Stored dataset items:
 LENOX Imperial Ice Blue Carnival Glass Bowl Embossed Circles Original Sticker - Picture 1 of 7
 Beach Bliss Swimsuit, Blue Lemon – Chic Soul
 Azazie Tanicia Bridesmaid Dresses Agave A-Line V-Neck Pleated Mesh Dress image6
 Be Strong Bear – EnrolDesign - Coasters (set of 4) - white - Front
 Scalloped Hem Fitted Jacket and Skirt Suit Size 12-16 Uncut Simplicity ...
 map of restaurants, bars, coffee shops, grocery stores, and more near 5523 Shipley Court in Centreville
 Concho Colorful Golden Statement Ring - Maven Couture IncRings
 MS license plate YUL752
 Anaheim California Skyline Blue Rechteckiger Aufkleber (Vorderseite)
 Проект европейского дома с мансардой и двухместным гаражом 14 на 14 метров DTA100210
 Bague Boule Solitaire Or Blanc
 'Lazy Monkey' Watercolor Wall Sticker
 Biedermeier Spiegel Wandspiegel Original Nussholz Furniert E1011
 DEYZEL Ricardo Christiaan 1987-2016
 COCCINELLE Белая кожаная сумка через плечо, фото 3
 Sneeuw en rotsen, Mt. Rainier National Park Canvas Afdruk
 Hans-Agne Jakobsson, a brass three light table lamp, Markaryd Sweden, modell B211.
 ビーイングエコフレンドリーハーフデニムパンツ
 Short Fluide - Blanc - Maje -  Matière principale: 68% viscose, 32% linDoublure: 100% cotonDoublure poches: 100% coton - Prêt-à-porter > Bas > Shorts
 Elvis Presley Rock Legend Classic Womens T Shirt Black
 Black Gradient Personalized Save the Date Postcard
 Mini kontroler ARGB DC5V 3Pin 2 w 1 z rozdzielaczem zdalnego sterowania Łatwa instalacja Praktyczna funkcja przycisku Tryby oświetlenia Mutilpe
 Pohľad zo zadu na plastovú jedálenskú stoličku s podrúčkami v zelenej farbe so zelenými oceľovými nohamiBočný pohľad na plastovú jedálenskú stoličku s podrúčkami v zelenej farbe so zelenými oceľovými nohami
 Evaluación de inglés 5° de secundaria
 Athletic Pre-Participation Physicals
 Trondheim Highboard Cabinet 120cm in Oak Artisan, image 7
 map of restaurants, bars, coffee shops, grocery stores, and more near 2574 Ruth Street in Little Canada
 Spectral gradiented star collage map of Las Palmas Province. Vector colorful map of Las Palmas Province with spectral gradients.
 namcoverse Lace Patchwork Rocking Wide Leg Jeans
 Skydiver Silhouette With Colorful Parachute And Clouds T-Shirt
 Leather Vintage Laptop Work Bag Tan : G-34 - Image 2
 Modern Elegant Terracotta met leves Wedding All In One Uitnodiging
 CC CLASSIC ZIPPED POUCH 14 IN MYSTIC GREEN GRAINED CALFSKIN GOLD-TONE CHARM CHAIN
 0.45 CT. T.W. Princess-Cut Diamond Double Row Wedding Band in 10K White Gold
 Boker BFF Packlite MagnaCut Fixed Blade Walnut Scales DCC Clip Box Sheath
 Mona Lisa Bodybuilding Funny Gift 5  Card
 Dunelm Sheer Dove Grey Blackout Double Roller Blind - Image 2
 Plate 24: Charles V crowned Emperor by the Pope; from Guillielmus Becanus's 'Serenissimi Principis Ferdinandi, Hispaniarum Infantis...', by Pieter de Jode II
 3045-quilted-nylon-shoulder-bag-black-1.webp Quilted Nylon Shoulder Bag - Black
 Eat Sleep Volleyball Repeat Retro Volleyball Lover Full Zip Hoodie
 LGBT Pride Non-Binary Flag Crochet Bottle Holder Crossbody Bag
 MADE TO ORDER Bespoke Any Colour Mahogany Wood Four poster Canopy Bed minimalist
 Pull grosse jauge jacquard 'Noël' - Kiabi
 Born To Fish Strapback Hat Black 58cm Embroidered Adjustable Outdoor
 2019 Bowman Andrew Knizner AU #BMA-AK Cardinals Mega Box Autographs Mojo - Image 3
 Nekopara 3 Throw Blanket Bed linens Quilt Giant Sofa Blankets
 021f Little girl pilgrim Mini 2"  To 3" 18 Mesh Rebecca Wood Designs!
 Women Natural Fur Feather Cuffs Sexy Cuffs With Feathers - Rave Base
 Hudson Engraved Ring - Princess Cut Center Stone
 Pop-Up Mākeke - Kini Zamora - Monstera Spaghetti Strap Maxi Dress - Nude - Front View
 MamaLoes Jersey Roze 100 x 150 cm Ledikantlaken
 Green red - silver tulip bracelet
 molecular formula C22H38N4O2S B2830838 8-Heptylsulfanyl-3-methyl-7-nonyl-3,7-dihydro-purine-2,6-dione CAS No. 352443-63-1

_Work instruction_: Extract the entries above verbatim.

_Task result_:
 LENOX Imperial Ice Blue Carnival Glass Bowl Embossed Circles Original Sticker - Picture 1 of 7
 Beach Bliss Swimsuit, Blue Lemon – Chic Soul
 Azazie Tanicia Bridesmaid Dresses Agave A-Line V-Neck Pleated Mesh Dress image6
 Be Strong Bear – EnrolDesign - Coasters (set of 4) - white - Front
 Scalloped Hem Fitted Jacket and Skirt Suit Size 12-16 Uncut Simplicity ...
 map of restaurants, bars, coffee shops, grocery stores, and more near 5523 Shipley Court in Centreville
 Concho Colorful Golden Statement Ring - Maven Couture IncRings
 MS license plate YUL752
 Anaheim California Skyline Blue Rechteckiger Aufkleber (Vorderseite)
 Проект европейского дома с мансардой и двухместным гаражом 14 на 14 метров DTA100210
 Bague Boule Solitaire Or Blanc
 'Lazy Monkey' Watercolor Wall Sticker
 Biedermeier Spiegel Wandspiegel Original Nussholz Furniert E1011
 DEYZEL Ricardo Christiaan 1987-2016
 COCCINELLE Белая кожаная сумка через плечо, фото 3
 Sneeuw en rotsen, Mt. Rainier National Park Canvas Afdruk
 Hans-Agne Jakobsson, a brass three light table lamp, Markaryd Sweden, modell B211.
 ビーイングエコフレンドリーハーフデニムパンツ
 Short Fluide - Blanc - Maje -  Matière principale: 68% viscose, 32% linDoublure: 100% cotonDoublure poches: 100% coton - Prêt-à-porter > Bas > Shorts
 Elvis Presley Rock Legend Classic Womens T Shirt Black
 Black Gradient Personalized Save the Date Postcard
 Mini kontroler ARGB DC5V 3Pin 2 w 1 z rozdzielaczem zdalnego sterowania Łatwa instalacja Praktyczna funkcja przycisku Tryby oświetlenia Mutilpe
 Pohľad zo zadu na plastovú jedálenskú stoličku s podrúčkami v zelenej farbe so zelenými oceľovými nohamiBočný pohľad na plastovú jedálenskú stoličku s podrúčkami v zelenej farbe so zelenými oceľovými nohami
 Evaluación de inglés 5° de secundaria
 Athletic Pre-Participation Physicals
 Trondheim Highboard Cabinet 120cm in Oak Artisan, image 7
 map of restaurants, bars, coffee shops, grocery stores, and more near 2574 Ruth Street in Little Canada
 Spectral gradiented star collage map of Las Palmas Province. Vector colorful map of Las Palmas Province with spectral gradients.
 namcoverse Lace Patchwork Rocking Wide Leg Jeans
 Skydiver Silhouette With Colorful Parachute And Clouds T-Shirt
 Leather Vintage Laptop Work Bag Tan : G-34 - Image 2
 Modern Elegant Terracotta met leves Wedding All In One Uitnodiging
 CC CLASSIC ZIPPED POUCH 14 IN MYSTIC GREEN GRAINED CALFSKIN GOLD-TONE CHARM CHAIN
 0.45 CT. T.W. Princess-Cut Diamond Double Row Wedding Band in 10K White Gold
 Boker BFF Packlite MagnaCut Fixed Blade Walnut Scales DCC Clip Box Sheath
 Mona Lisa Bodybuilding Funny Gift 5  Card
 Dunelm Sheer Dove Grey Blackout Double Roller Blind - Image 2
 Plate 24: Charles V crowned Emperor by the Pope; from Guillielmus Becanus's 'Serenissimi Principis Ferdinandi, Hispaniarum Infantis...', by Pieter de Jode II
 3045-quilted-nylon-shoulder-bag-black-1.webp Quilted Nylon Shoulder Bag - Black
 Eat Sleep Volleyball Repeat Retro Volleyball Lover Full Zip Hoodie
 LGBT Pride Non-Binary Flag Crochet Bottle Holder Crossbody Bag
 MADE TO ORDER Bespoke Any Colour Mahogany Wood Four poster Canopy Bed minimalist
 Pull grosse jauge jacquard 'Noël' - Kiabi
 Born To Fish Strapback Hat Black 58cm Embroidered Adjustable Outdoor
 2019 Bowman Andrew Knizner AU #BMA-AK Cardinals Mega Box Autographs Mojo - Image 3
 Nekopara 3 Throw Blanket Bed linens Quilt Giant Sofa Blankets
 021f Little girl pilgrim Mini 2"  To 3" 18 Mesh Rebecca Wood Designs!
 Women Natural Fur Feather Cuffs Sexy Cuffs With Feathers - Rave Base
 Hudson Engraved Ring - Princess Cut Center Stone
 Pop-Up Mākeke - Kini Zamora - Monstera Spaghetti Strap Maxi Dress - Nude - Front View
 MamaLoes Jersey Roze 100 x 150 cm Ledikantlaken
 Green red - silver tulip bracelet
 molecular formula C22H38N4O2S B2830838 8-Heptylsulfanyl-3-methyl-7-nonyl-3,7-dihydro-purine-2,6-dione CAS No. 352443-63-1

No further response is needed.